We are finally starting to finish the slide deck for tomorrows presentations. My only dubious contribution to the presentation itself is the agenda catch phrase – How to Push Someone Off the Cliff and Feel Good About it. Our research is about how we can change our current reward system to better equip managers to defend themselves when an employee who is on the edge of the average-bad spectrums has to be bumped down… boring subject (and a really bad sentence!), but very important for us who must face this system every day.
I played the project lead for the day, with a co-lead Randy to share my responsibilities. Randy came in with a well done schedule and job assignments. I felt left out of the job assignments, but I was working on being less pushy and being less about “I”, so I let it pass. After all, it was a sound plan. So we proceeded to run the show, with me largely deferring to Randy’s initiative.
After a couple of hours, we had already been slipping for a while, and were not making enough progress.
We had a pulse check with our manager Mark, who suggested that I should start focusing on the competencies that I wished to grow – which was to learn to better set and execute on goals. Another point he made was that he would like us to focus on growing our teams better – by allowing them opportunities to grow their own self-identified deficiencies in their competencies.
In retrospect, I did moderately okay as a project leader, and made more mistakes than right choices. But in the end, the project seemed to converge into a good form – which is testament to how smart and effective the people in my team were.
During feedback, this is what I heard…
- Did not have a consistent management style with co-lead
- Did not have a coherent voice as co-leads – acted as 2 voices instead of 1
- Did not help follow the initial schedule very effectively
- Does not clearly convey changes in (previously articulated) plans/priorities
- Strong, opinionated and smart
- Well organized
- Detached from work when watching over the clock (i.e., after switching to a schedule driven project management mode)
- Agitated
- Lack of compassion for reasons behind project slip
- Did not have other choices for management style given the constraints/bubble the team was in.
- Ignored causes for project slippage
- Put too many people into a single unit which wasted time, instead of pairing up
- Interrupted focused activity which was being lead by one team member (this happened when I walked in to reset the schedule and recreate priorities and scale down scope based on what time we had left).
- This felt very abrupt and almost insulting
- Went off to do other things while being paired up with one member (this happened when time was limited and did not have the luxury of randomizations, but had to leave for meeting with leads)
- Many times, one-upped co-lead and made decisions without consultation or even a courtesy information.

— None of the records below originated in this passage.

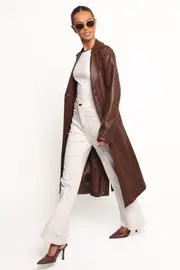 [PUP44] Allison Faux Leather Trench - Brown 6 Brown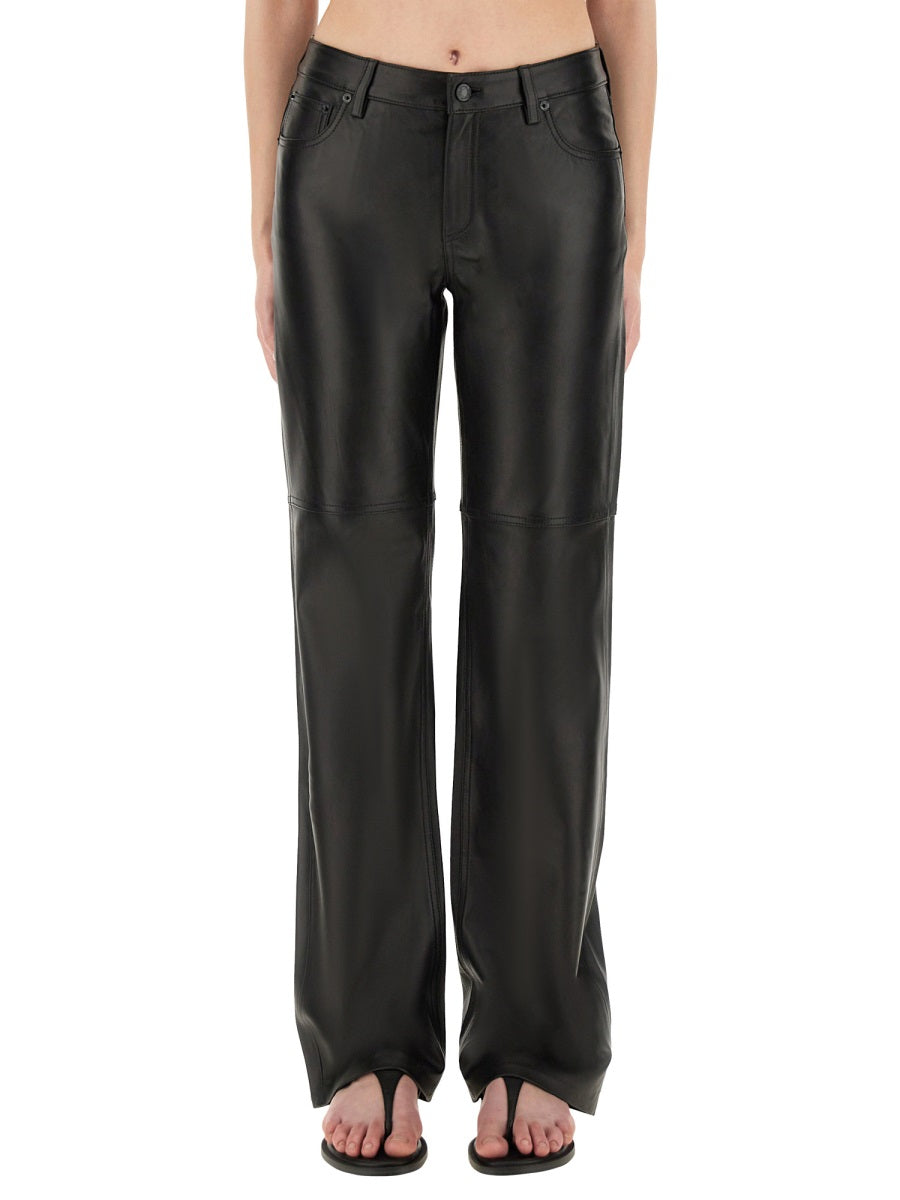 MICHAEL BY MICHAEL KORS Luxe Leather Straight Leg Pants - Size 2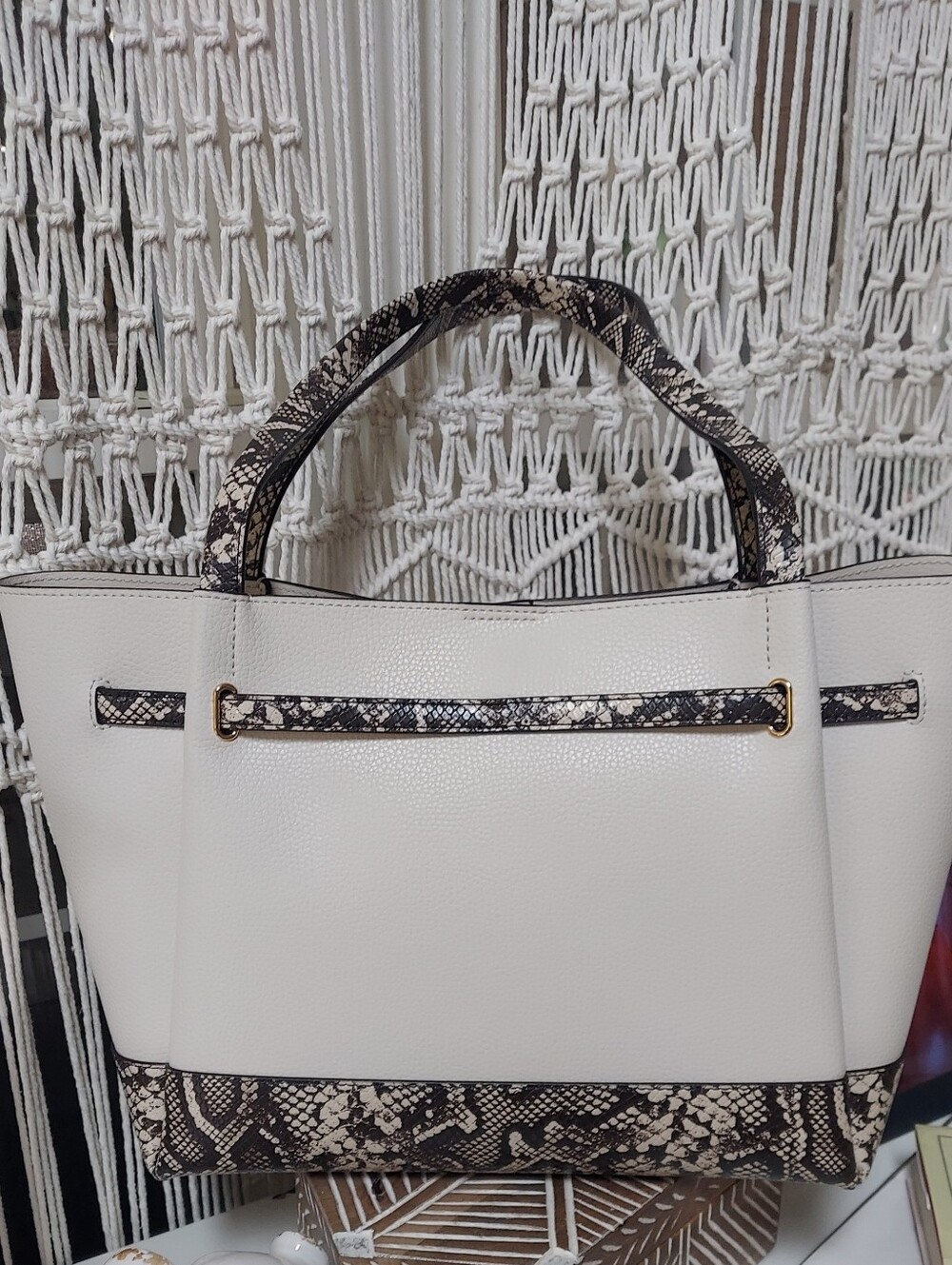 Michael Kors White Leather Tote with Snake-Print Trim Nwot - Picture 3 of 15
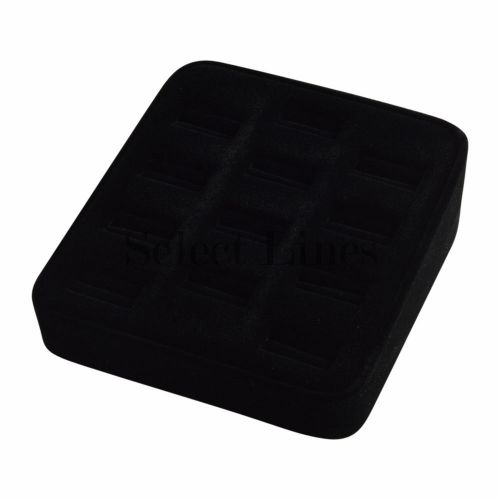 NEW Black Velvet Slotted 12 Ring Tray Jewelry Display !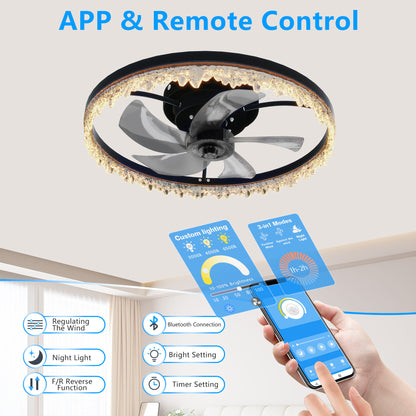 Smart Flush Mount Ceiling Fan with Light - 20-inch Integrated LED Chandelier with 5 Invisible Blades, Remote Control & Timer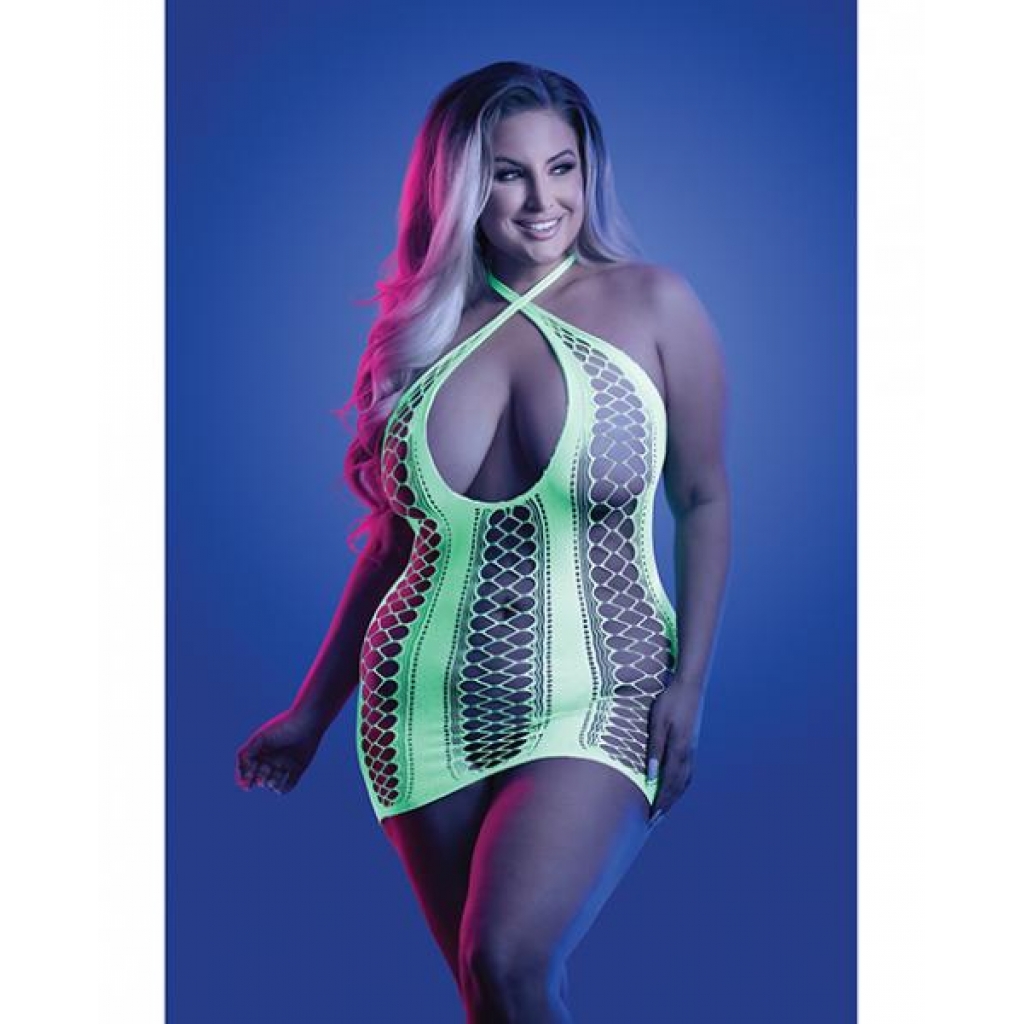 Neon Green UV Reactive Seamless Halter Dress - Queen Size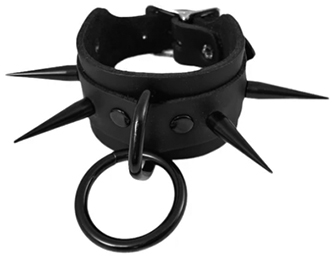 Funk Plus black leather loop and ring tall black pin spike bracelet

- Completely forgot about the mandate from management to focus on competencies and instead focused on project completion. (This is the equivalent of losing sight of business priorities while being shortsightedly focused on completing coding)
- Learned from and adapted to prior feedback very well.

Were the others in your team new to management like you, or did they have more experience than you?
I don’t know about everyone in the training, but my immediate peers had at least 3-5 years more experience managing people than I did.